4.7.1 Sugar esters. Sugar esters are attractive surfactants. They can be synthesized chemically, but the use of lipase catalysis makes regioselective acylation possible under mild conditions. Lipase-catalysed synthesis of sugar esters was recently reviewed.²⁷⁹ CALB has been used in most studies with acylation occurring predominantly on the primary hydroxyl groups, but prolonged incubation can cause the formation of diesters.

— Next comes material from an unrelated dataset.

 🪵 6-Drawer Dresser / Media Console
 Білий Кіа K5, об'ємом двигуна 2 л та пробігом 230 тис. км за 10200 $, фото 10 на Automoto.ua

Using CALB as catalyst, 98% monoacylation was obtained using glucose as substrate, while the selectivities were considerably lower for mannose and galactose.²⁸⁰ Reactions have been carried out as reversed hydrolysis reactions or transesterification reactions with esters as acyl donors. In both cases, the reactants have quite different solubility properties, and a key issue is to find a suitable reaction medium. The water content should be low to avoid hydrolysis, but few solvents other than water dissolve enough carbohydrates to make the reactions efficient. The problems associated with solubility generally increase with increasing size of the carbohydrate and, therefore, there are procedures that work well for monosaccharides but not for longer carbohydrates.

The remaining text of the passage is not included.